[Ecn-sane] [tsvwg] Comments on L4S drafts

Dave Taht dave.taht at gmail.com
Fri Jul 19 16:03:14 EDT 2019


On Fri, Jul 19, 2019 at 11:33 AM Wesley Eddy <wes at mti-systems.com> wrote:
>
> On 7/19/2019 11:37 AM, Dave Taht wrote:
> > It's the common-q with AQM **+ ECN** that's the sticking point. I'm
> > perfectly satisfied with the behavior of every ietf approved single
> > queued AQM without ecn enabled. Let's deploy more of those!
>
> Hi Dave, I'm just trying to make sure I'm reading into your message
> correctly ... if I'm understanding it, then you're not in favor of
> either SCE or L4S at all?

I am not in favor of internet scale deployment of *ECN* at this time.
For controlled networks it can make sense. I have, indeed, done so.

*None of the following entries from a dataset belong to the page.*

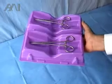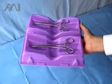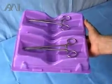This is the safest way in the neutral zone with one hand to exchange needle and needle holders.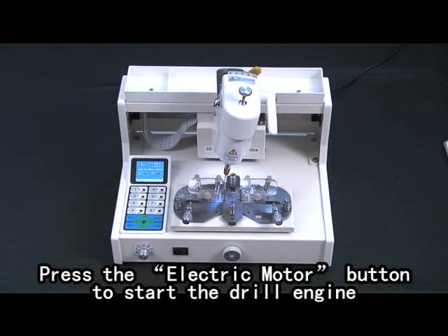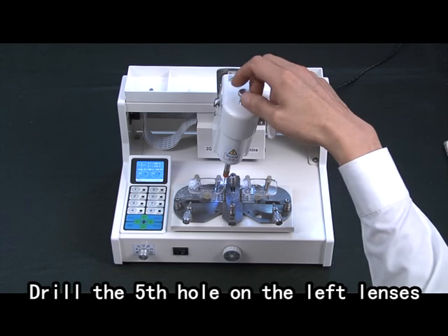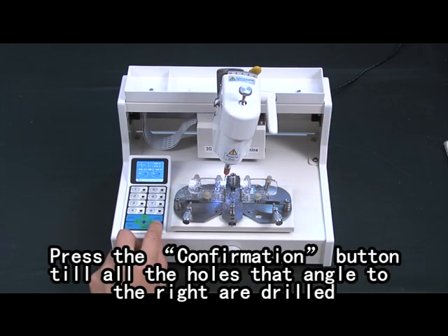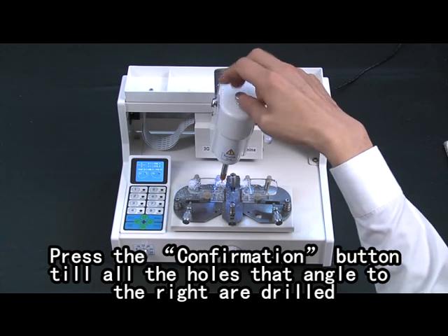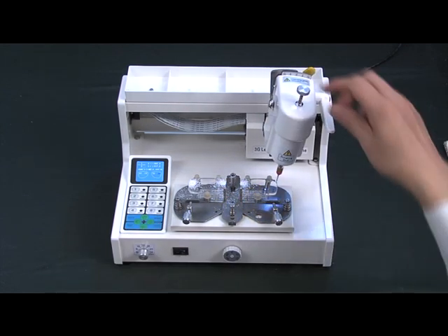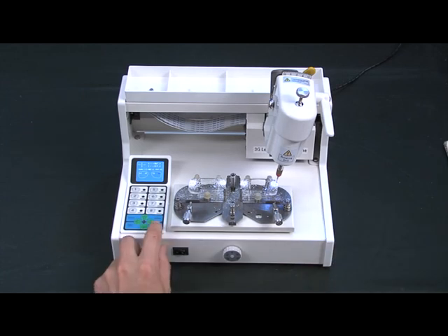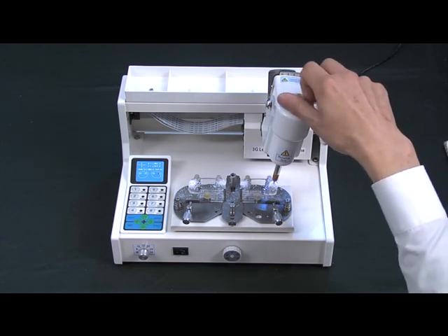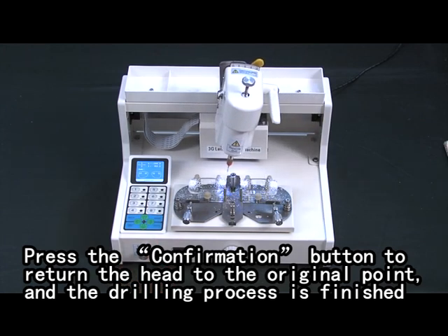Tilt the head to the right. Press the electric motor button to start the drill engine. Drill the fifth hole on the left lens. Press the confirmation button when all the holes angled to the right are drilled. Press the confirmation button to return the head to the original point and the drilling process is finished.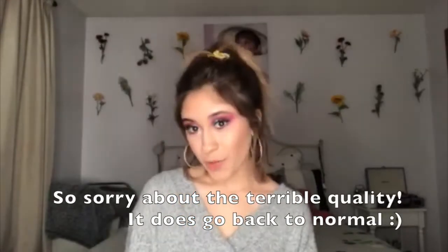Hello everyone! My name is Nora Cuellar. For those of you that this is your first time watching one of my videos, welcome to my channel.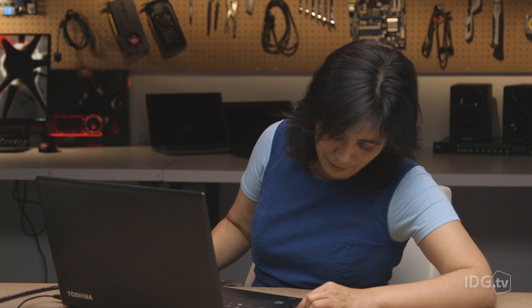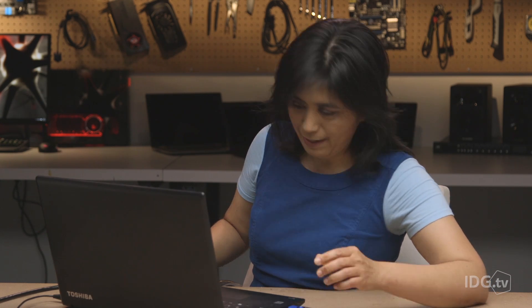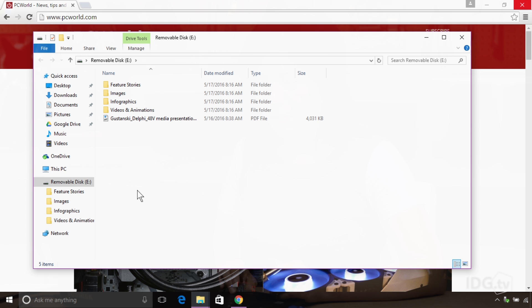First, take your USB key drive and if you have anything on it that you want to keep, back it up to another location. Now we insert it into our computer. And now we bring up File Explorer, and over here you can see my flash drive.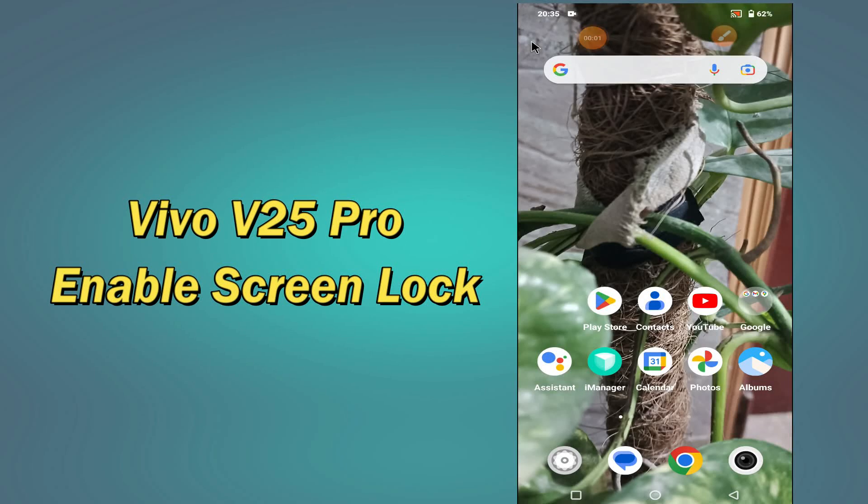Hello everybody, hope you are doing great, welcome to my YouTube channel. In my today's video, I will be telling you all about the screen lock settings of your device Vivo V25 Pro.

Of the two proposals for making ECN safer and more useful, SCE is
struck me as superior when it appeared, and L4S
totally undeployable for a half dozen reasons since it appeared and
perpetually worse as more and more details and flaws fell out of the
architecture documents, and were 'documented' rather than treated as
the showstoppers they were.

>  With small queues and without ECN, loss
> becomes the only congestion signal

RTT... BBR...

>, which is not desirable,

packet loss we know to work with all protocols we have on the internet
other than tcp, and thus is the most important congestion indicator we
have. Until fq_codel's essentially accidental deployment of
ecn-enablement, and apple then turning it on universally, we had
essentially no field data aside from those crazies (like me) that
fully deployed it on their corporate networks.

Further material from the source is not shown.